[Problem]
Copy each line in the data that includes the word "Lithium".

[Data provided]
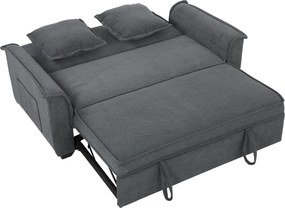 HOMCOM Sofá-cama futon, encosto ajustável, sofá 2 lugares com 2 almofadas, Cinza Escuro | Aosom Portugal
---
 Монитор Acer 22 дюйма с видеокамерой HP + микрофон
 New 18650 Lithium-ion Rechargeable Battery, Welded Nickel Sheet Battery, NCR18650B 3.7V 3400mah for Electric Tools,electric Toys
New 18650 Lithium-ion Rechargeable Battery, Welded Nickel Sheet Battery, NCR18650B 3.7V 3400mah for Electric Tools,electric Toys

[Your response]
 New 18650 Lithium-ion Rechargeable Battery, Welded Nickel Sheet Battery, NCR18650B 3.7V 3400mah for Electric Tools,electric Toys
New 18650 Lithium-ion Rechargeable Battery, Welded Nickel Sheet Battery, NCR18650B 3.7V 3400mah for Electric Tools,electric Toys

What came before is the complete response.